# Технологии и коммуникации > Софт. Железо > Железо >  Компания Philips представила новые мониторы серии S-line и V-line

## Labs

•Расширение линейки продуктов S-line для бизнеса и V-line для дома: все необходимые функции и высокое качество просмотра.
•Разрешение Full HD и технология IPS для высокой четкости.
•Специальные функции для хорошего самочувствия и повышения производительности: технологии SoftBlue и LowBlue, программа EasyRead, регулируемая высота подставки.
•Широкие возможности подключения, в т. ч. HDMI, DisplayPort, опционально USB хаб и колонки. 


MMD, ведущая технологическая компания и лицензионный партнер бренда Philips, расширяет серии S7 и V7. Мониторы S7 и V7 – это качественное изображение и высокая производительность по доступной цене для дома и офиса. Линейка V7 включает в себя модели со всеми необходимыми базовыми функциями для повышения производительности, в то время как S7 дополнена некоторыми премиальными характеристиками. Полная серия S7 будет представлена тремя 21,5’’ и тремя 23,8’’ дисплеями. Линия V7 предлагает выбор из большего числа моделей: 2 с экраном 21,5” дюйма, 4 с 23,8” и 4 с диагональю экрана 27”. Обе линейки дисплеев Philips оснащены технологиями для сохранения здоровья глаз и поддержания комфорта во время длительного использования.

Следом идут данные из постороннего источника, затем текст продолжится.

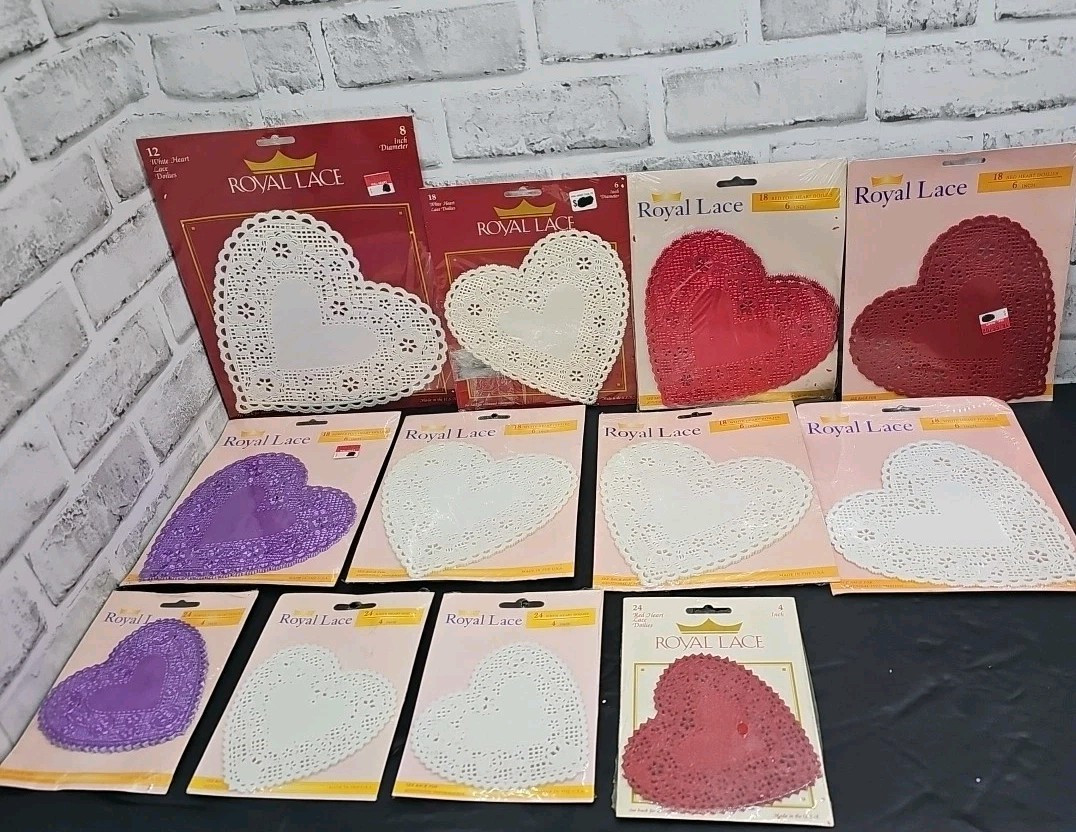 Vtg New Royal Lace Paper Doilies Heart Shaped 12pks (234 Total) Crafts Art Decor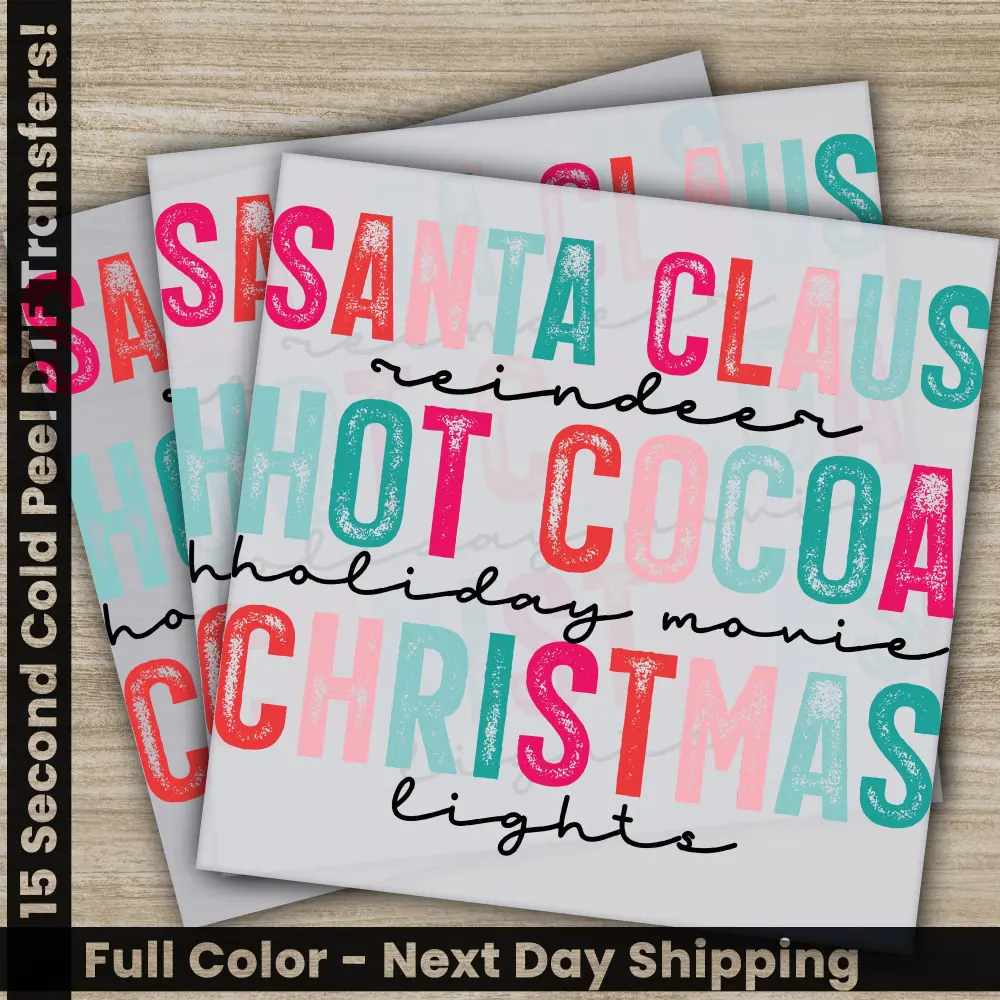 Santa Claus Hot Cocoa Christmas, DTF Transfers, Ready to Press, Personalized Gifts, Direct to Film, Sublimation Screen Prints, Fast Shipping
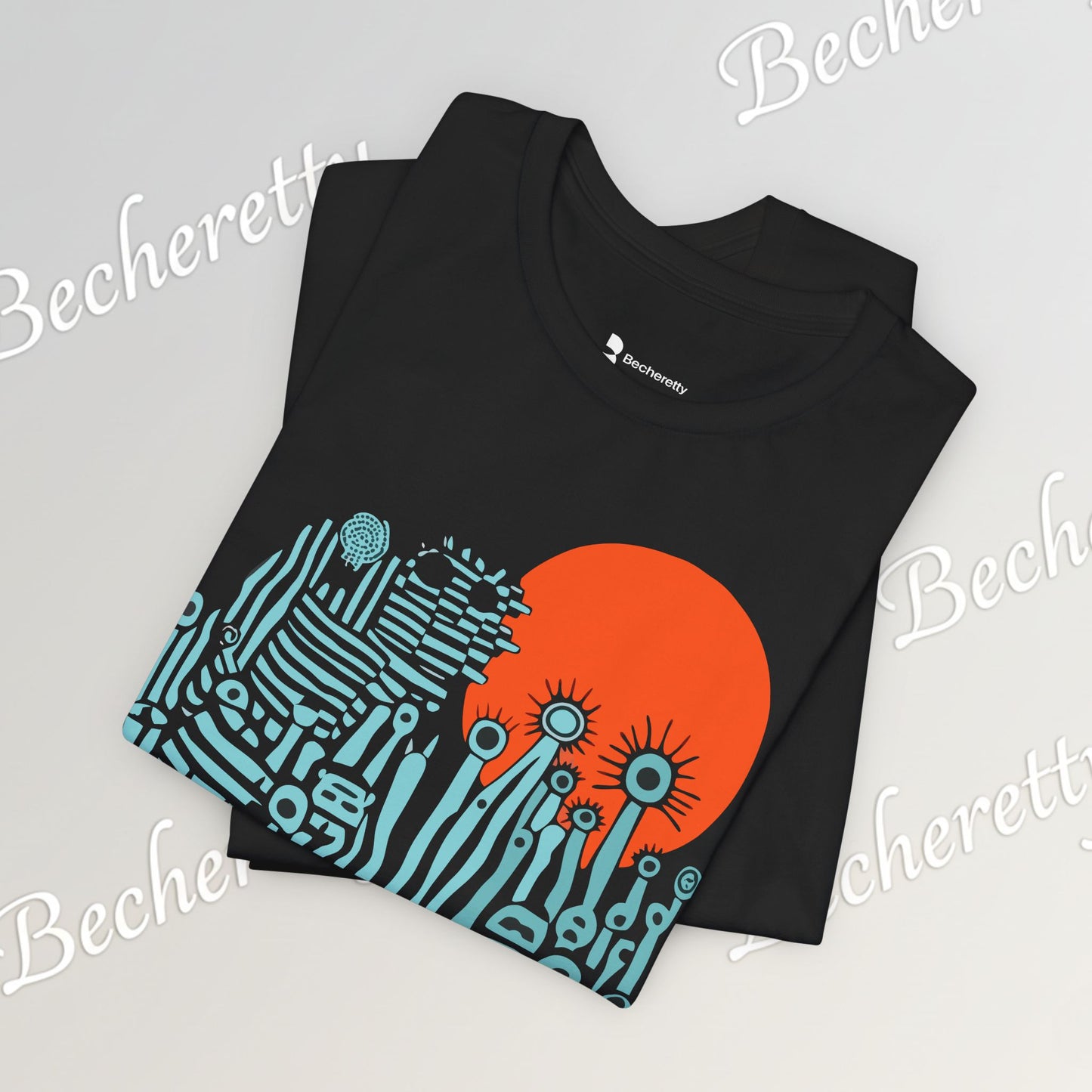 Sunset Wildflowers T-Shirt — Minimal Floral Graphic Tee - Playful statement - Wearable Art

*Качество, производительность и надежность*


Мощные и простые в использовании, продукты из серии S7 и V7 предлагают оптимальное сочетание производительности, функциональности и доступности по цене. Они повышают эффективность работы в домашнем офисе, а также в государственных и частных организациях, например, в колл-центрах, школах и библиотеках.


По трем сторонам экрана новинок рамка отсутствует. Помимо общей привлекательности, такая монолитная конструкция подходит для случаев, когда необходимо расположить несколько мониторов в ряд. «Шов» между дисплеями едва заметен, поэтому создается впечатление, будто пользователь работает на одном большом экране. Это удобно, например, при проведении сравнительного анализа. Разрешение Full HD, технология IPS и широкий угол обзора продуктов из серий S7 и V7 обеспечивают высокую четкость изображения даже при отклонении монитора. Модели S7 предполагают изменение угла наклона, поворота и высоты экрана для максимального комфорта пользователя. Наклон дисплеев V-line также может быть отрегулирован.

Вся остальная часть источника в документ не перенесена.